Der Mann, der den D-Day verschob

Die UNESCO ehrt morgen in Paris Walter Munk. Der gebürtige Wiener, heute 100 Jahre alt, war als Meeresforscher an welthistorischen Ereignissen beteiligt - unter anderem an der Landung der Alliierten im Zweiten Weltkrieg.

Tiefbohrungen in der Erdkruste, Klimaforschung, Arktis-Erkundung - das sind nur einige der wissenschaftlichen Lebensstationen von Walter Munk. Manche Forschungen führten ihn auch in ganz andere Gefilde. Hin zu Ereignissen, von denen später die Historiker berichten sollten.

Ozeanographie als Passion

Ein „Gigant“ der Meereskunde sei Walter Munk, schreibt die UNESCO anlässlich der Verleihung der „Roger Revelle Medaille“. Absehbar war seine Forscherkarriere nicht. Anfang der 1930er Jahre ging er lieber Schifahren als zu lernen - und flog fast von der Schule (Audio: O-Ton Munk im Ö1-Interview vor fünf Jahren).

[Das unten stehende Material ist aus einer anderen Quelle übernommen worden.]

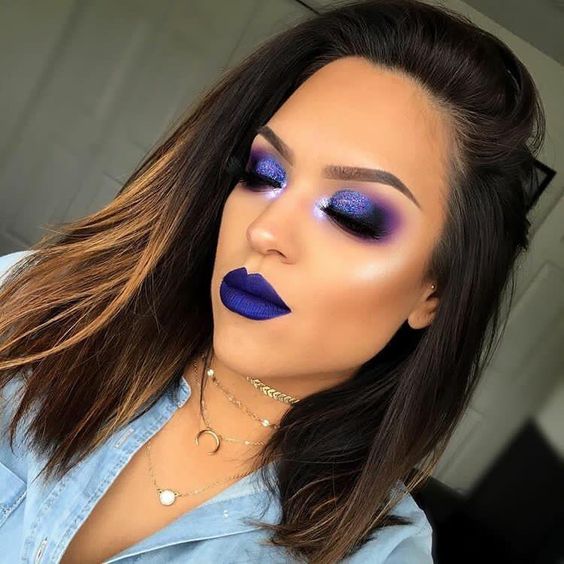 Mujer morena con melena castaña usa maquillaje de ojos extravagante y labial azul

Und so schickte ihn seine Mutter in die USA. Die Familie folgte, als Hitler an die Macht kam und nach dem sogenannten „Anschluss“ nahm er die US-Staatsbürgerschaft an.

Walter Munk im Jahr 2017

APA/ROLAND SCHLAGER

Walter Munk

Munk forschte am California Institute of Technology, später am Scripps Meeresforschungszentrum in Kalifornien - hier kam er zur Ozeanographie und entwickelte sodann mit seinem Team eine Methode, um Wellen und Brandung vorherzusagen. Zum Einsatz kam das im Zweiten Weltkrieg.

Der D-Day und die H-Bombe

Die Wellenvorhersage diente den Alliierten bei ihrer Landung 1944 in der Normandie. Aufgrund seines Prognosemodells wurde der D-Day um einen Tag verschoben. Nach dem Zweiten Weltkrieg war der Ozeanograph an Atom- und Wasserstoffbombentests der USA beteiligt: „Ivy Mike“ hieß die Operation 1952 am Enewetak-Atoll im Nordpazifik. Die Insel, auf der die Wasserstoff-Bombe entzündet wurde, verdampfte.

Munk sollte den Druck unter Wasser bei der Bombenexplosion messen - dazu saß er auf einer kleinen, schwimmenden Plattform im Meer. Die Beobachtung dieses Ereignisses sei beängstigend gewesen, sagte Munk vor fünf Jahren im Ö1-Interview. Und betonte: „Ich hoffe, dass es nie wieder solche Tests geben wird.“

In der Spätphase seiner Karriere wandte sich Munk dem Einfluss des Klimawandels auf die Meere zu. 2013 erzählte er, damals immerhin 95-jährig, dass er noch einmal in die Antarktis wolle: „Ich würde gerne dorthin. Wir werden sehen.“ Ambitioniert scheint er immer noch zu sein. Morgen wird er - eingeflogen aus den USA - anlässlich seiner Ehrung bei der UNESCO in Paris einen Vortrag halten: über 80 Jahre Meeresforschung.